Please excuse me for asking what I guess are elemental questions but I’m new to this kind of analyses. Anyway, here it goes:

1.) I would like to run a unifrac significance test with unifrac distance. I have replicate data in 6 groups (3 replicates /group). I know I can incorporate replicates using a design file but if I want to use the unifrac distance I would need to do the following I guess:


unifrac.weighted(tree=muscle.pick.good.filter.pick.subsample.phylip.tre, group=seqs.pick.good.pick.subsample.groups, random=T, name=muscle.pick.good.pick.subsample.names, distance=lt, processors=4)


unifrac.weighted(tree=muscle.pick.good.filter.pick.subsample.phylip.tre1.weighted.phylip.tre, group=design.design, groups=all, random=T)

Is this correct or should I do it some other way?

2.) What is the rationale between running and unweighted unifrac test on a tree constructed with Yue & Clayton distances like in the 454 SOP? As I have understood, the ThetaYC accounts for OTU abundance and the unweighted.unifrac does not, but i might be wrong.
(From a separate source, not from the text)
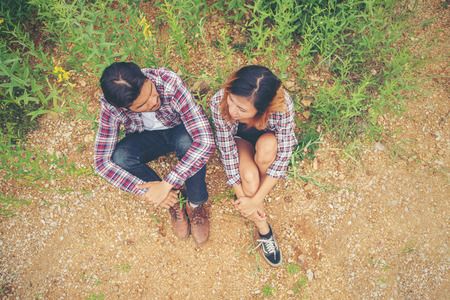 Young happy hipster couple sitting in the yellow field,Dating enjoying time together.の写真素材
3.) I have seen some different opinions regarding wheather rarefation should be performed or not. In the mothur tutorials I see it being implemented. Is this still advisble from your point of view? I lose quite a lot of samples this way and Im working with Sanger data (~300 sequences).

Your advice would be greatly appreciated.

Thanks in advance

Hi there…

First, it’s important to note that Unifrac can be used to calculate distances between samples or to test whether communities have different structures or memberships. In the former case you tree would be a tree of sequences and in the latter a tree of samples. You can do the hypothesis test on any set of samples that you’ve put into a tree (jaccard, thetayc, bray-cutis, unifrac, etc). We had an ISMEJ paper a few years back that compared the different methods of comparing communities based on samples. I’d encourage people to use tools like amova or homova to compare sets of samples since it is clearer what the hypothesis tests are testing and because you don’t have to run the data through an additional filter like a tree.

Second, I would not suggest using unweighted unifrac or any of the OTU-based methods that are based on presence-absence (i.e. membership) data. These methods are highly sensitive to under sampling of communities.

Third, yes, you must rarefy your data to generate a distance matrix between samples. All of the methods are sensitive (albeit to varying degrees) to uneven sequencing coverage.

Hope this helps,

Thanks Pat!

Your reply was most helpful!